I understand "open" space to mean not just outside our galaxy, and our local cluster of galaxies, but also outside any supercluster of galaxies. And DISTANCE can be the technical measure used in stating Hubble law expansion. What you would measure at this given moment if you could freeze the expansion process to give yourself time to measure it, say by radar or a pulse of light. This freeze frame distance is called "proper distance".
Different people use different values of the Hubble expansion rate, I'm used to 71 km/s per Mpc and I see other people sometimes say 74, and others say 70. Let's use 71. It says that if you put two CMB stationary observers one Megaparsec apart proper distance, then the proper distance between them will be increasing at 71 km/s.
The upshot I think is that a pair of kilogram balls each placed at CMB rest 400,000 km apart would continue indefinitely to get farther apart. Hopefully someone else will check my arithmetic, which I put in a separate thread.
https://www.physicsforums.com/showthread.php?t=566059
According to a parallel calculation, 300,000 km would not be far enough. It is not a realistic thought experiment because CMB rest cannot be determined with sufficient precision. Even if you could travel out into open space to position the balls.
I didn't reply to your question exactly as posed:
I'd urge that you should correct any misconceptions in the question itself. Standard mainstream cosmo does not attribute the expansion to the "dark energy" effect. What we observe is expansion of distances and a very very slight acceleration of that.
The acceleration is interesting and has the cosmologists all excited, but the the main pattern of expansion started for some other reason way long ago NOT because of the "dark energy effect" that they measure and talk about nowadays. The expansion of distance is governed by the 1915 Einstein eqn and once the pattern gets started it tends to continue without any "force".
So don't think of expansion as exerting a "force" that is somehow going to be "balanced" by the attraction between the two metal balls. the expansion of distances (between CMB stationary observers) is just a given---a feature of the universe's geometry.
It would be there essentially the same if you could magically turn "dark energy" off, that is, turn the very slight acceleration off.
For over half of the history of the U, the expansion has in fact NOT been accelerating. It has been slowing. The "dark energy" effect has been negligible. Here's a modified version of the question.
... 2 masses of 1kg each are touching in open space...how far apart will i have to place them so they will continue indefinitely moving apart due to
the pattern of Hubble-law expansion, and not eventually start falling towards each other? Would there be a
stable distance, and if so what is that distance?

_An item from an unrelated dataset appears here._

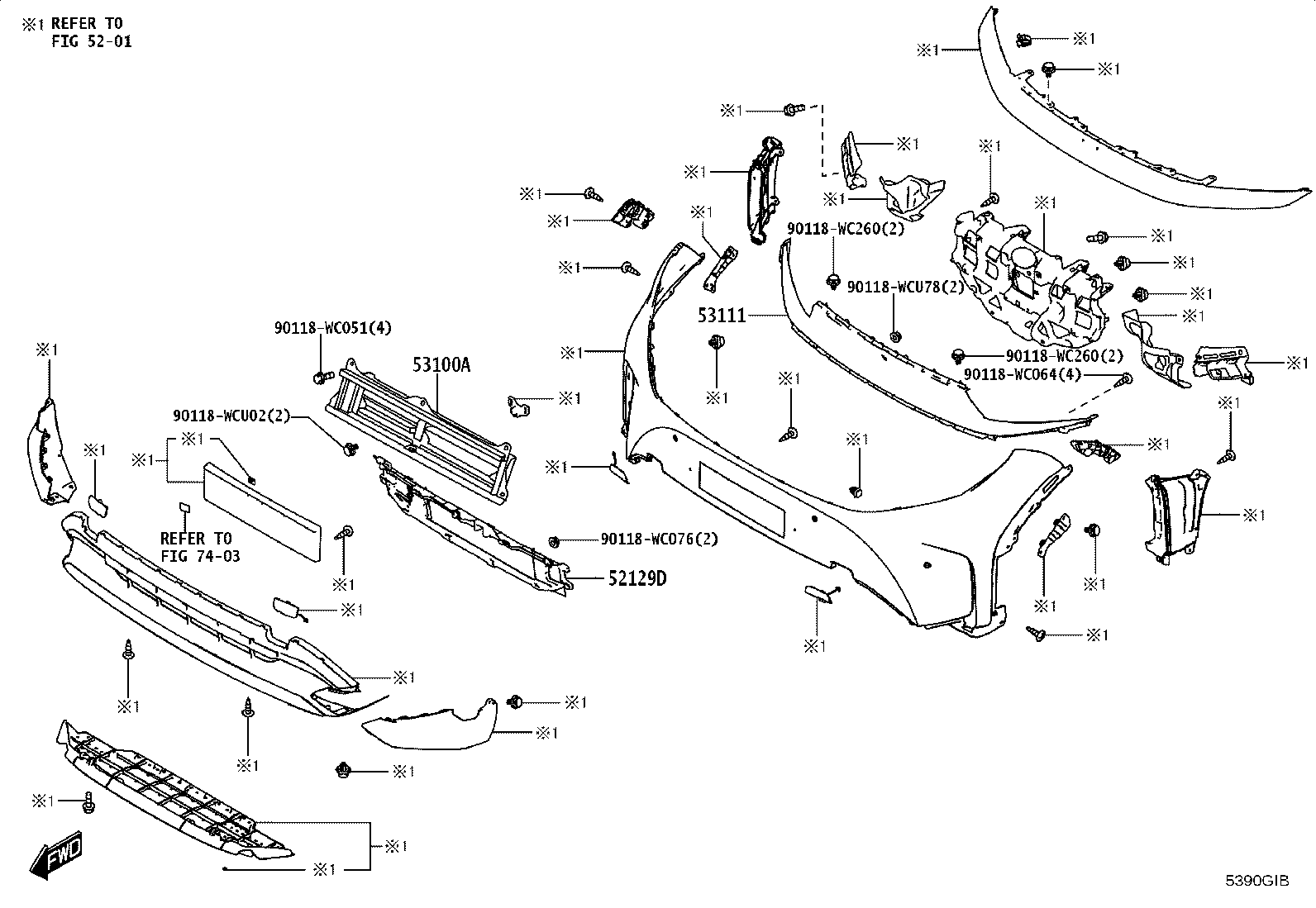 53111-WC017 GRILLE, RADIATOR product image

I think the natural question to ask is at what distance do you get ordinary expansion exceeding the ESCAPE VELOCITY. In that case the balls would continue to get farther apart forever and never start falling towards each other. I did a very rough ad hoc calculation to get a handle on what distance would be required.
300,000 km is not enough. At that distance, starting from CMB rest the balls begin by getting further apart but eventually start falling towards each other. So no separation smaller than that could be stable. At any greater initial separation they always start by moving farther apart---so starting at CMB rest there is no initial placement distance that will not change.